# EXERCISE GOAL
Give all of the data below again exactly, and drop the images.

# INFORMATION SUPPLIED
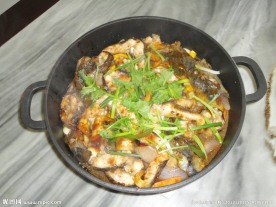 三汁焖鲟龙鱼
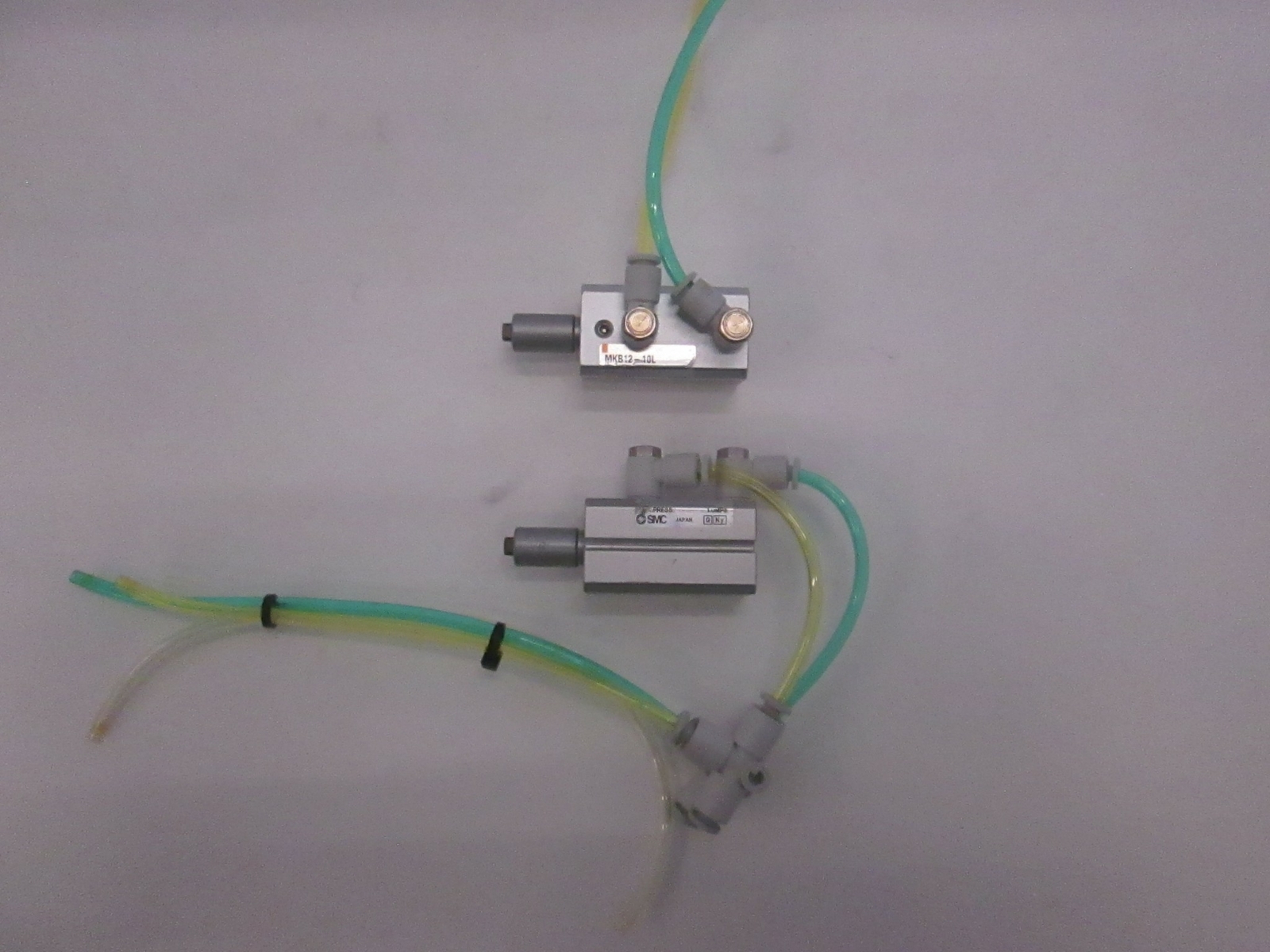 SMC, MKB12-10L, Rotary Clamp Cylinder, Used Lot of 2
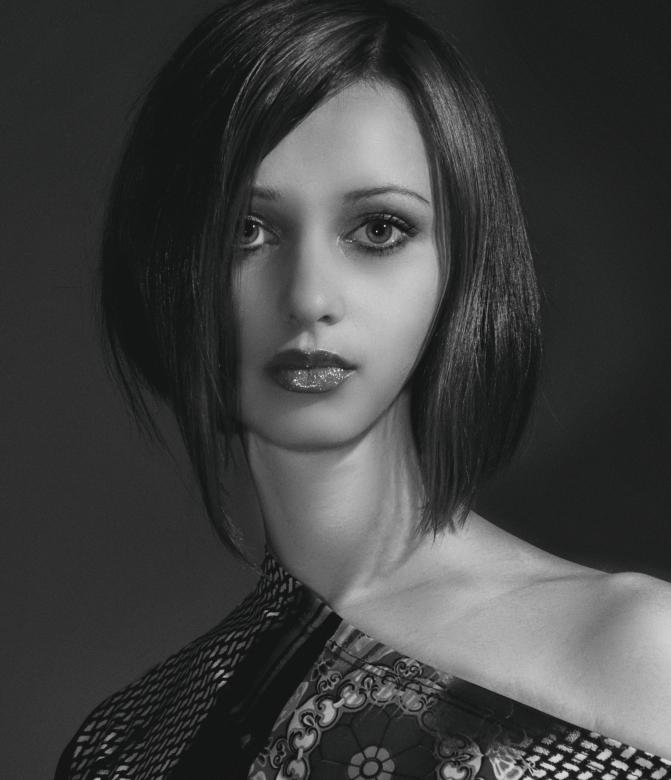 Free stock image of Brunette Model Portrait in Monochrome created by Alexander Krivitskiy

# TASK ANSWER
 三汁焖鲟龙鱼
 SMC, MKB12-10L, Rotary Clamp Cylinder, Used Lot of 2
 Free stock image of Brunette Model Portrait in Monochrome created by Alexander Krivitskiy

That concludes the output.